◆ DIRECTIONS FOR THIS TASK: What's wanted here is the full listing below, repeated exactly, with no images in it.

◆ DATA EXTRACT:
--- START ---

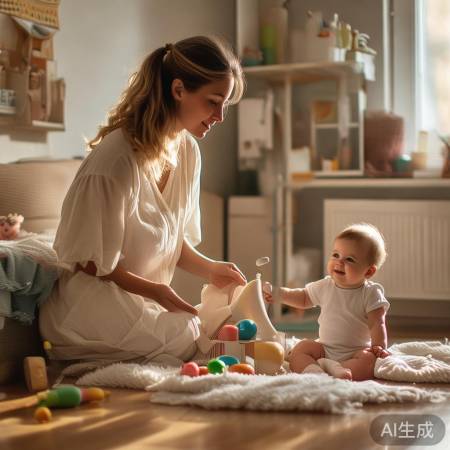 消毒安全，呵护宝宝健康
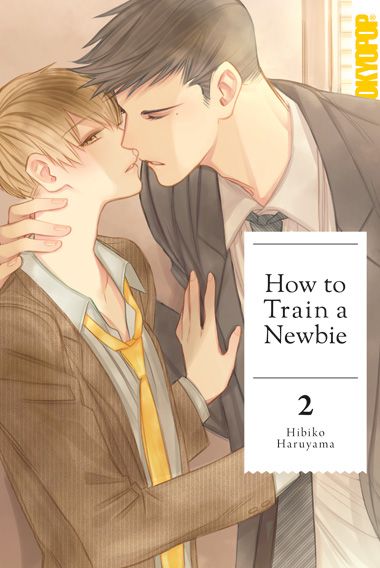 Produktbild: How to Train a Newbie 02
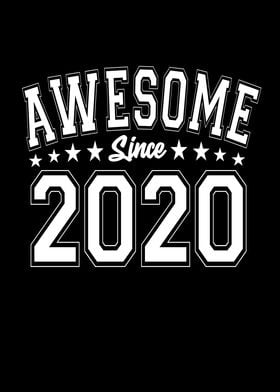 Awesome Since 2020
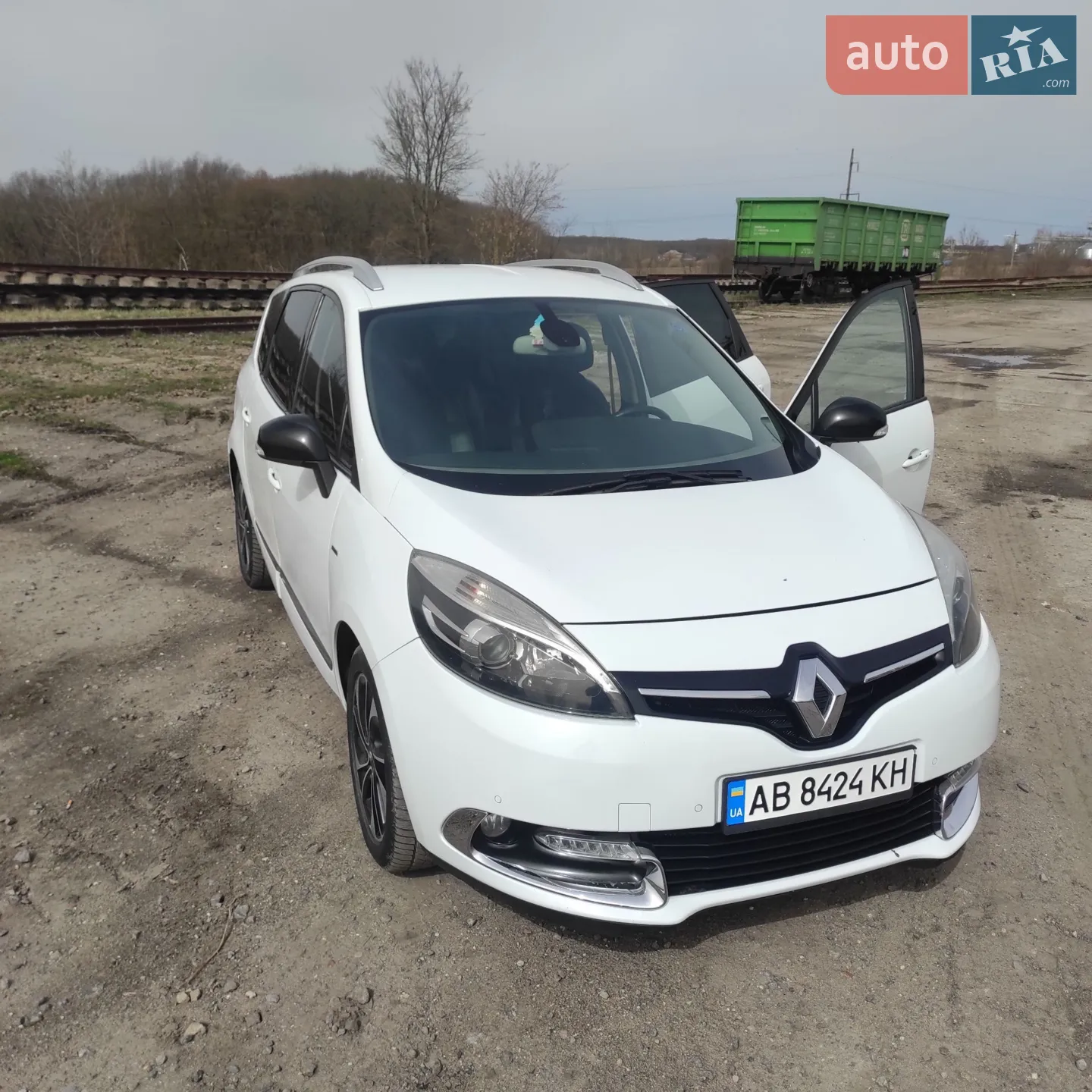 2014 Renault Scenic - мініатюра 17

--- END ---

◆ ANSWER TO THIS EXERCISE:
 消毒安全，呵护宝宝健康
 Produktbild: How to Train a Newbie 02
 Awesome Since 2020
 2014 Renault Scenic - мініатюра 17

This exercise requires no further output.